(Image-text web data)
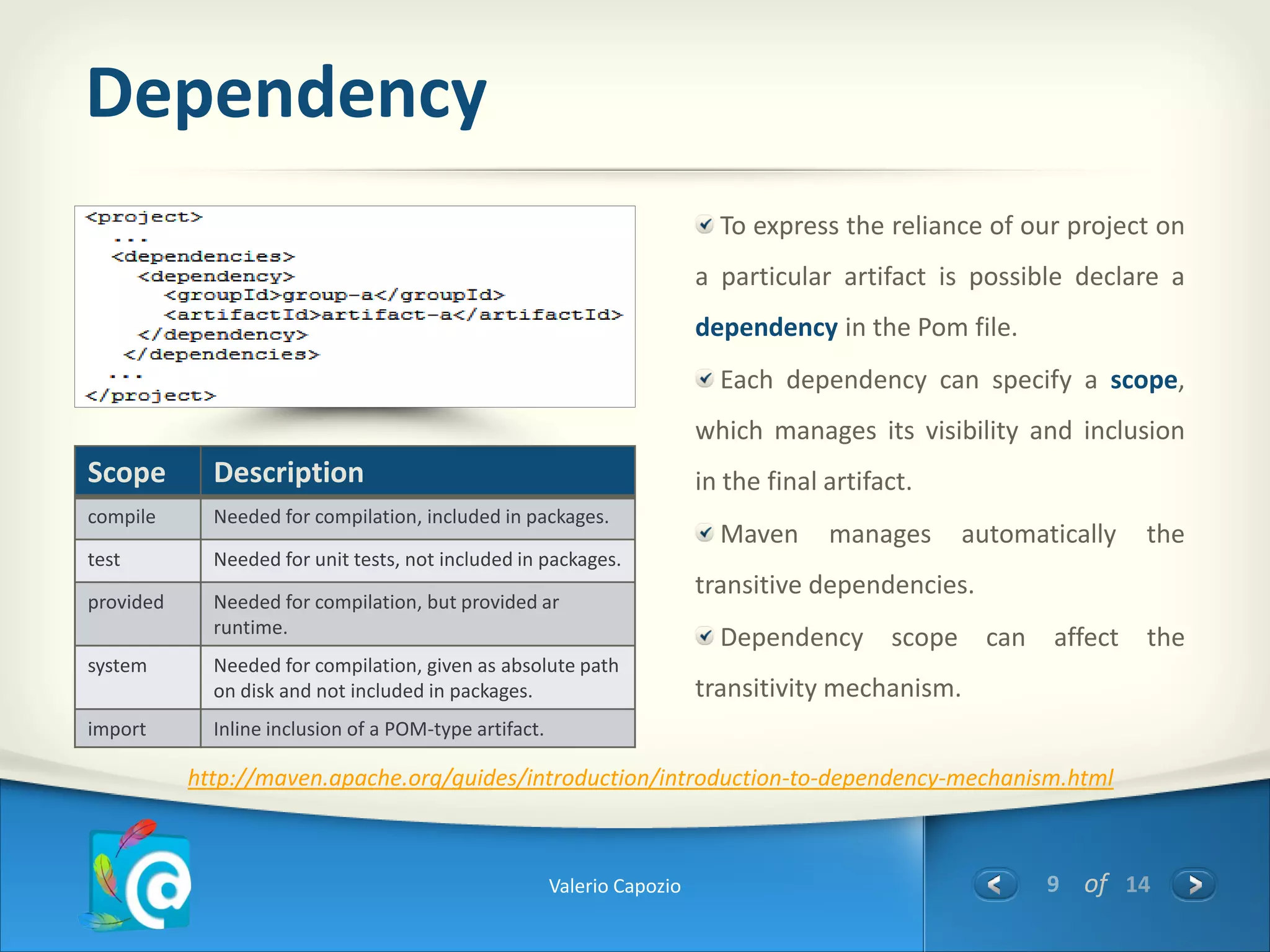 Dependency
                                                                            To express the reliance of our project on
                                                                          a particular artifact is possible declare a
                                                                          dependency in the Pom file.
                                                                            Each dependency can specify a scope,
                                                                          which manages its visibility and inclusion
Scope        Description                                                  in the final artifact.
compile      Needed for compilation, included in packages.
                                                                            Maven      manages     automatically   the
test         Needed for unit tests, not included in packages.
                                                                          transitive dependencies.
provided     Needed for compilation, but provided ar
             runtime.
                                                                            Dependency scope can affect the
system       Needed for compilation, given as absolute path
             on disk and not included in packages.                        transitivity mechanism.
import       Inline inclusion of a POM-type artifact.

           http://maven.apache.org/guides/introduction/introduction-to-dependency-mechanism.html



                                                        Valerio Capozio                                   9 of 14
 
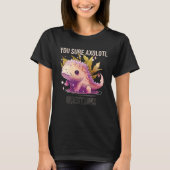 Sie sicher Axolotl Fragen Axolotl Mexican Walking T-Shirt (Vorderseite)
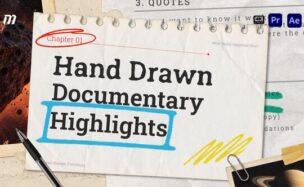 Videohive Hand Drawn Documentary Highlights
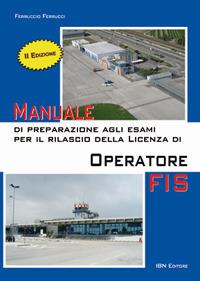 Manuale di preparazione agli esami per il rilascio della licenza di operatore FIS. Con Contenuto digitale per accesso on line - Ferruccio Ferrucci - copertina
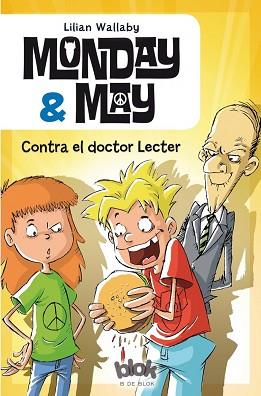 MONDAY & MAY CONTRA EL DOCTOR LECTER | 9788416075324 | WALLABY, LILLIAN | Llibreria Aqualata | Comprar llibres en català i castellà online | Comprar llibres Igualada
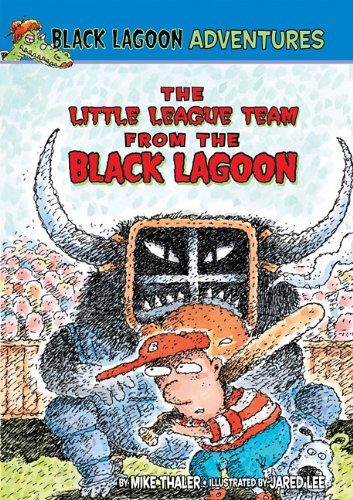 The Little League Team from the Black Lagoon by Mike Thaler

=== Work order ===
All lines of the data above that include the word "manages" must be shown.

=== Result below ===
                                                                          which manages its visibility and inclusion
                                                                            Maven      manages     automatically   the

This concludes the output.